The strength and resilience of the American people came to the front. As did the repulsive side of some.

I have nothing to say about that.

There I was, an a-political creature, trapped in Florida’s sweltering nineties. High humidity and afternoon thunderstorms did nothing to alleviate the heat, and I was confronted with the daily ongoing furor of the 2020 elections.

I was raised to politely discuss my opinions and thoughts on sensitive issues. When I realized my ideas were unwelcome, I’d keep quiet.  Mostly I was taught to keep my opinions to myself, not inflicting them on the broader public. Some things, like sex, should be private.

What happened next came as a knee-jerk shock and a moment of total unbelief. Yard signs sprouting overnight like a blight on perfectly manicured green lawns left me nauseous. If that was not enough, huge flags were mounted on house corners.

“All it needs,” I cattily remarked to my husband, “is a broken-down car, and some chickens roosting inside.”

“Don’t look,” my husband said.

My peripheral vision is excellent. As I walked down the street every evening with my dogs, house after house touted their candidate.

Double standards

I had to ask myself. What does that make me? A contestant for Hypocrite of the 2020 election? It did seem like I was applying a double standard.

I shrugged it off. However, God was not done with me, and via Father Rohr, I was confronted with Meister Eckhardt.

The image

“An image is not of itself, nor is it for itself. It rather springs from the thing whose reflection it is and belongs to it with all its being. It owes nothing to a thing other than that whose image it is; nothing else is at its origin. An image takes its being immediately from that of which it is the image and has one sole being with it, and it is that same being.”

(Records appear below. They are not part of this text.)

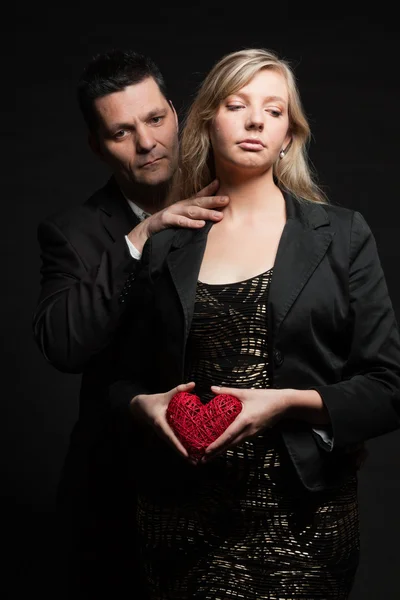 Couple in love. Studio shot against black. — Stock Photo, Image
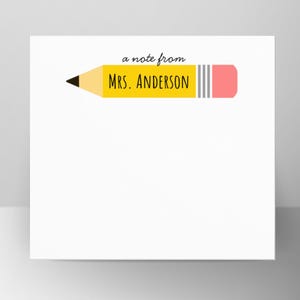 May include: White stationery with a yellow pencil design. The pencil has a black tip, a yellow body, and a pink eraser. The text "a note from MRS. ANDERSON" is printed on the stationery.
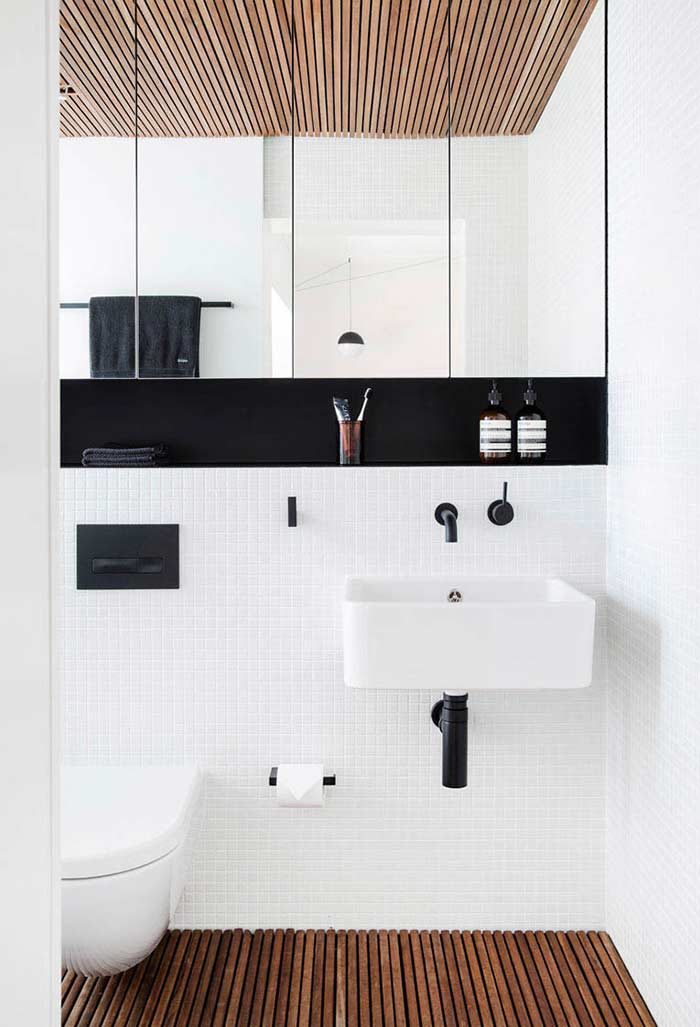A black and white bathroom that follows the trends white tiles, wood on the ceiling and floor, as well as brushed black china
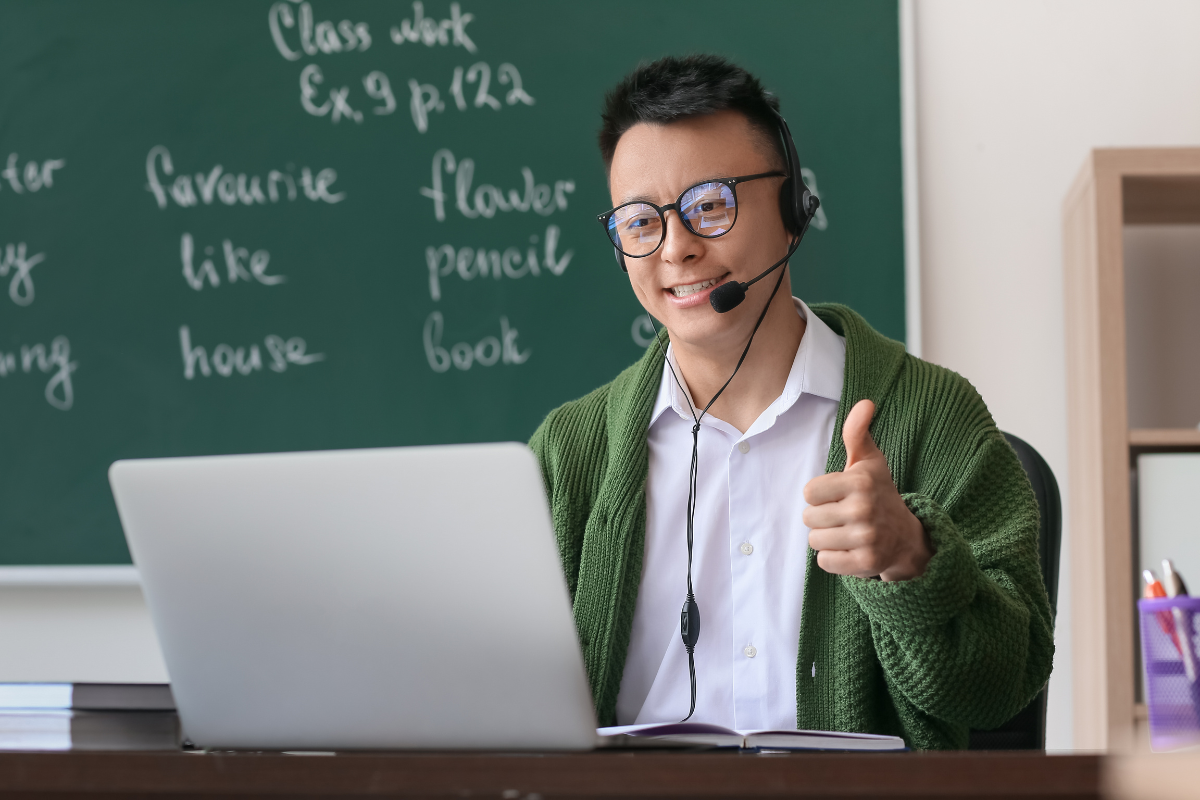 Teacher with thumbs up at laptop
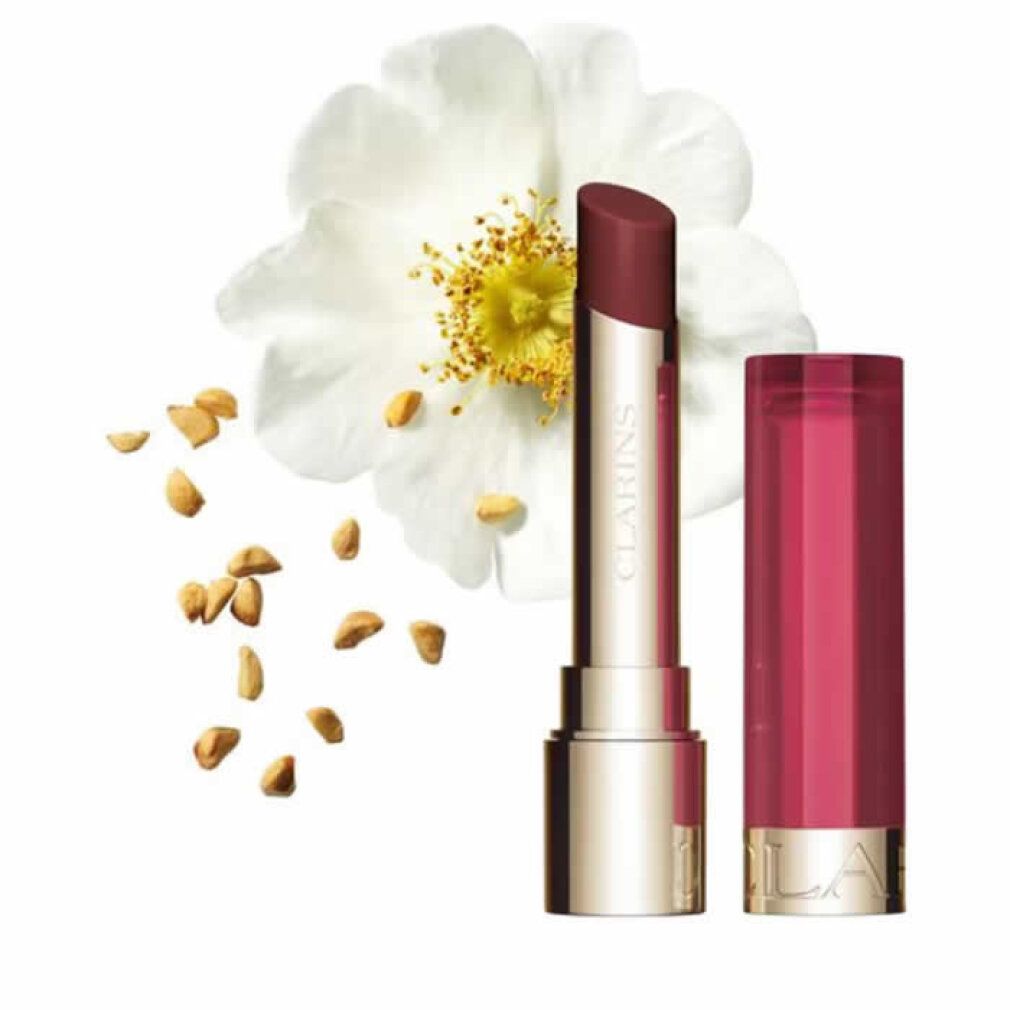 Lippenbalsam mit geöffneter Kappe und Stift. Goldfarbener Boden, transparenter Deckel. Aufschrift.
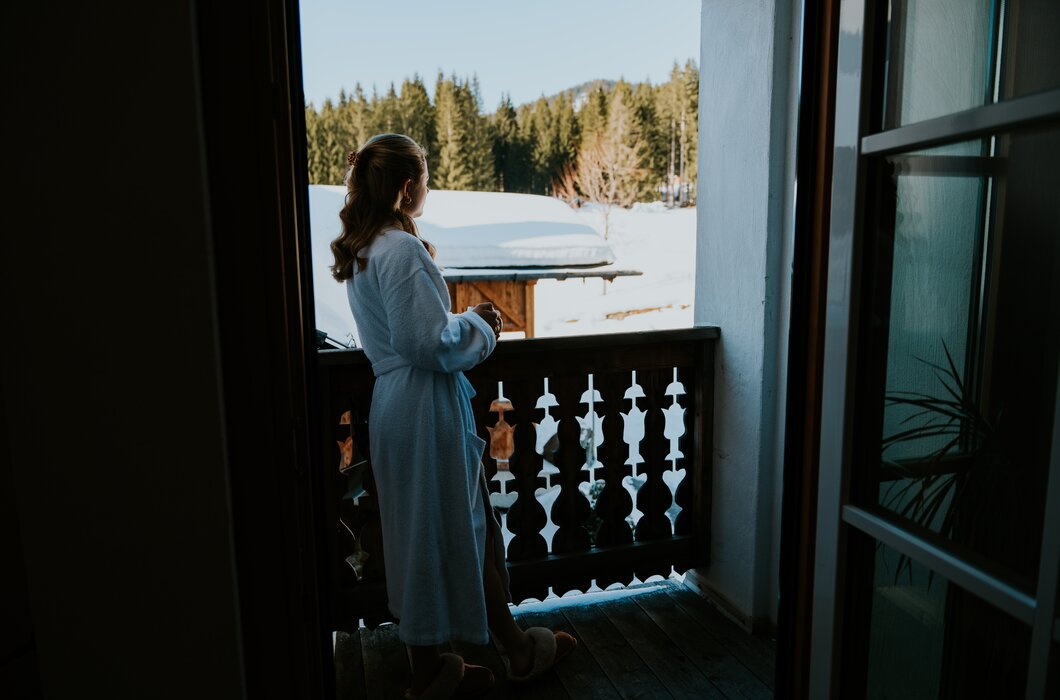 Frau in Bademantel steht am Balkon und blickt auf verschneite Landschaft mit Bäumen.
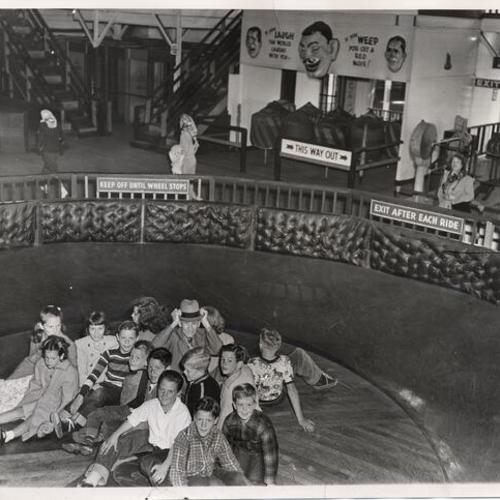 [Charles Coryell and a group of children from his neighborhood on a ride at Playland at the Beach]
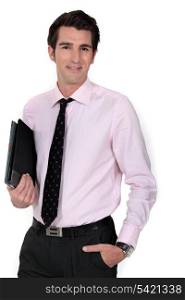 A businessman carrying a folder.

Way over my head if not for the explanation by modern mystic, James Finley:

“Now, the image was real, but the image wasn’t really in the way that it thought it was real. It was real, but not real without you. It was real as an image of you.”

Back to Meister Eckhart, who says:

“The image owes no allegiances to anything except that of which it is the image.”

I sit with this phrase. Roll it over and over in mind. Keep on seeing it in a political context. A truly horrifying scenario. What and who are we imitating and reflecting. Of whom are we becoming an image?

I return to Father Rohr and, in his words:

“We are the image of God. Without God, we are nothing, absolutely nothing. In being the image of God, we owe no allegiances to anything but infinite Love in whose image we are made. And the idolatry of diversions of the heart where we wander off into cul-de-sacs with the imagined authority of anything less or other than infinite Love to name we are: this is the problem.”

Agape

I’m really good at “philia” (reciprocal love of friends). Ask any of my longtime friends. I will go the extra mile time and time again.

But “agape?” (understanding and creative, redemptive goodwill for all people). Suddenly, I’m uncomfortable. Wriggling in my seat. Need to scratch behind my ear. Maybe I need another cup of coffee. Did I fetch in the newspaper this morning? I believe the dog needs to go out.

Anything, but anything to face up to that second commandment:

“Thou shalt love they neighbor as thyself.” (Matthew 22:39, NABRE).

I’m not much of a mirror image of God at present, yet –

Most of the yard signs and flags are still up. I don’t try to understand or rationalize. I try to act as I should. It’s really windy, and a trash can had gone over. The bag had not been secured, and the contents were spilled on the road. I stopped. Picked up the trash, stashed it into the bag. Tied the top securely, placed the bag into the can, and put it upright.

I left the yard sign. Maybe there’s hope for me.